Each phone number begins with the digit 2 or greater, so phone numbers are 2000000 through 9999999. There are no area codes or country code prefixes to deal with. The file looks something like this:
9827019 5655875 2593305 8586163 6115967 9128969 9998369 8551496 ...
Here are some declarations to get you started:
Scanner inFile = new Scanner(new FileReader(args[0]));
PrintWriter outFile = new PrintWriter(args[1]);
byte[] bitmap = new byte[1000000];
You will use a bitmap as an array of 1,000,000 bytes (that is, the type byte
). Each bit in the array of one million bytes will represent one phone number. The bit will be turned on if the number is read from the file.

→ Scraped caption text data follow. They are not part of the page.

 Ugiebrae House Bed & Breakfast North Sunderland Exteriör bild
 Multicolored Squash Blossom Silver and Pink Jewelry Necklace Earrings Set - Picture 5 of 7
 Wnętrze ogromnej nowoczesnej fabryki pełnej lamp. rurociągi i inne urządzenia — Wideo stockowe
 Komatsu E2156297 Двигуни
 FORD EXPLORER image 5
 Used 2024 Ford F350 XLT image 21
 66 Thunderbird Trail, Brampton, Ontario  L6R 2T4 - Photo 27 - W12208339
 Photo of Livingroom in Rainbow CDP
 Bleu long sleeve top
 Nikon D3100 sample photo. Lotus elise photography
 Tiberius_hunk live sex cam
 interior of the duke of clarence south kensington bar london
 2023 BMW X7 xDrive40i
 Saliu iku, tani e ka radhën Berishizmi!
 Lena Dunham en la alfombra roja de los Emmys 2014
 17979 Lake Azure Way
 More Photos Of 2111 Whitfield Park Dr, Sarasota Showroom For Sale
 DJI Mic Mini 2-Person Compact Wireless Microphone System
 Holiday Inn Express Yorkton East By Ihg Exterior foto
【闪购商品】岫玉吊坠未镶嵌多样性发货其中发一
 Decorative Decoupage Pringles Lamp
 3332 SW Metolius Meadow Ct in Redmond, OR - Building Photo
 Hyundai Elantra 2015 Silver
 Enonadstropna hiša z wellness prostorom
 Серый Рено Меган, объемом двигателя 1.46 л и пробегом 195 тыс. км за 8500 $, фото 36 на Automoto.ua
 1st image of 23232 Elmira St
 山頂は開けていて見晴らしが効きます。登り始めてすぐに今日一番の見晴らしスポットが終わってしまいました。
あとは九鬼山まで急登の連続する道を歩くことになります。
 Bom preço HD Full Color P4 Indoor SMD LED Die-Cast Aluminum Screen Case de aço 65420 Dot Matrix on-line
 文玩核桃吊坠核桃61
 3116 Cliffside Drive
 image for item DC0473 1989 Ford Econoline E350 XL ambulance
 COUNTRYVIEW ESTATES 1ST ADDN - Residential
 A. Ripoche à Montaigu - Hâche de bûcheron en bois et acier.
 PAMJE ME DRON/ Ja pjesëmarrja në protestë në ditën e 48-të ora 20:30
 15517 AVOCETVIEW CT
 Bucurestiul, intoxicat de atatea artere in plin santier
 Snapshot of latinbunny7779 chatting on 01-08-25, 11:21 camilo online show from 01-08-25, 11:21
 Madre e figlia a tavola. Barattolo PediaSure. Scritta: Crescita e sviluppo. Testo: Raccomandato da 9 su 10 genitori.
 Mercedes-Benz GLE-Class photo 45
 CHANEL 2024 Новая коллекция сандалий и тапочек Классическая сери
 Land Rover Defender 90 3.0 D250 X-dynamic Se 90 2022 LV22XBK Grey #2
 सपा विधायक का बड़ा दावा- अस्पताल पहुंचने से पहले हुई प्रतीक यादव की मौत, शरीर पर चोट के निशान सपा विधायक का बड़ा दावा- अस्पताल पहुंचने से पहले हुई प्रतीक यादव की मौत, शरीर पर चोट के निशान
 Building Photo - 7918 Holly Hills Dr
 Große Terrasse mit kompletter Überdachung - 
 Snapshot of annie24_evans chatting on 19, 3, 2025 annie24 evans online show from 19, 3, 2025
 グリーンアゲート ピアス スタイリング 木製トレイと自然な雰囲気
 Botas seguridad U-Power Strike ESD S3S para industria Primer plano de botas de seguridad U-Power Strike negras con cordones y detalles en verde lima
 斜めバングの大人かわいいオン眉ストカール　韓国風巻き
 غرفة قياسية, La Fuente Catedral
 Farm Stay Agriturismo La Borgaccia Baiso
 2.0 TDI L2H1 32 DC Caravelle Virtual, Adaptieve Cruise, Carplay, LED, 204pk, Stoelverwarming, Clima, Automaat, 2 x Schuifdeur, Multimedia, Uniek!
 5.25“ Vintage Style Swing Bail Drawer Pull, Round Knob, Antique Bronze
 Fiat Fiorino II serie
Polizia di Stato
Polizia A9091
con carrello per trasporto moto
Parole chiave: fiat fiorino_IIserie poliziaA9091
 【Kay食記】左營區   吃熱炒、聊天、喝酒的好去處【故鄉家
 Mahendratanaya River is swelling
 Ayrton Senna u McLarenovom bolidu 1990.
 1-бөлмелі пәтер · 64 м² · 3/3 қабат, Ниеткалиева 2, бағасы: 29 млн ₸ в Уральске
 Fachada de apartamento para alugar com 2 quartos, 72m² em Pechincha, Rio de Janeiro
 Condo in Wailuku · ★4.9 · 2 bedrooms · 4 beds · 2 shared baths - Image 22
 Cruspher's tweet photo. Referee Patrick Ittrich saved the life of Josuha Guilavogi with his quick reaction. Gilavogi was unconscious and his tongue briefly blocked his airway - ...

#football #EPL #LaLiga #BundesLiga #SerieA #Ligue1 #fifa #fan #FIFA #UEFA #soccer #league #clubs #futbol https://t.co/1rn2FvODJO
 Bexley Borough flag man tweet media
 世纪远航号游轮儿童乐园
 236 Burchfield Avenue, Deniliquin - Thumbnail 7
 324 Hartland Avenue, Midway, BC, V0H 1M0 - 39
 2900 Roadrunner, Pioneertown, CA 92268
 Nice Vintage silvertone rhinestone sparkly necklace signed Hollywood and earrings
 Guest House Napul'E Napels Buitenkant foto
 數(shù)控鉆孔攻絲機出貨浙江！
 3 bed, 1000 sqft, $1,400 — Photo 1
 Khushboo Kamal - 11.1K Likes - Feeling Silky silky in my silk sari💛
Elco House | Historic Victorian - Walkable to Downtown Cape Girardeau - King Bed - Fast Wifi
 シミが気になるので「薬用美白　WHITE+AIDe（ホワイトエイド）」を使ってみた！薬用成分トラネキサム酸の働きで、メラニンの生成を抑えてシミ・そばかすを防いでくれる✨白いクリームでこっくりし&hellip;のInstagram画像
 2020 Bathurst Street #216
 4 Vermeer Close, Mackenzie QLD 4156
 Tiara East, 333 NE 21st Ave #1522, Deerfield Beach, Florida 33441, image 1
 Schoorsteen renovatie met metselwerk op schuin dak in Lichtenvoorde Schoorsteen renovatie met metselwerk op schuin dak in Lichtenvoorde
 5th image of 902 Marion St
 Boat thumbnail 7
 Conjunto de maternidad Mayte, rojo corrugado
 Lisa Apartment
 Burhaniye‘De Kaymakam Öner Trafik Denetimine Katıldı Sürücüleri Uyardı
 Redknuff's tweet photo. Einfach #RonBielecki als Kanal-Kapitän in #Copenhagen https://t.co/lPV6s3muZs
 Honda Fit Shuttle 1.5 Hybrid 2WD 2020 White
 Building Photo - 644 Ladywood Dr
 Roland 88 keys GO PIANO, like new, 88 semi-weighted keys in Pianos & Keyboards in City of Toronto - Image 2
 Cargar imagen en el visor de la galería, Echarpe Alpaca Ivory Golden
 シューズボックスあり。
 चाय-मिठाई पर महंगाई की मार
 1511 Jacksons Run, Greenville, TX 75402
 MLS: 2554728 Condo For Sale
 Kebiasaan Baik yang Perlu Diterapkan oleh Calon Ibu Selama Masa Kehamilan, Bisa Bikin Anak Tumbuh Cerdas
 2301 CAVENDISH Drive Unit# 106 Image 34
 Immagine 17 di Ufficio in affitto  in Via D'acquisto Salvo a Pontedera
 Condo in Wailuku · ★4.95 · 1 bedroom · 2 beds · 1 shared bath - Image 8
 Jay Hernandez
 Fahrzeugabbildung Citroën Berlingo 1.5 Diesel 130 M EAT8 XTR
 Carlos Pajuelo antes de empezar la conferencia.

Those remaining bits will indicate the number was never found in the file.
You will want to review Bitwise Operators.
Using this bitmap data structure, we depend on several side effects:
- This takes about 1/32nd the amount of space than the original file and also if stored as
int
s. - We will guarantee no repeats in the resultant file because we only know if we saw the number.
- We automatically sort the data since values are represented in ascending bits.
Process all values before writing to the output file.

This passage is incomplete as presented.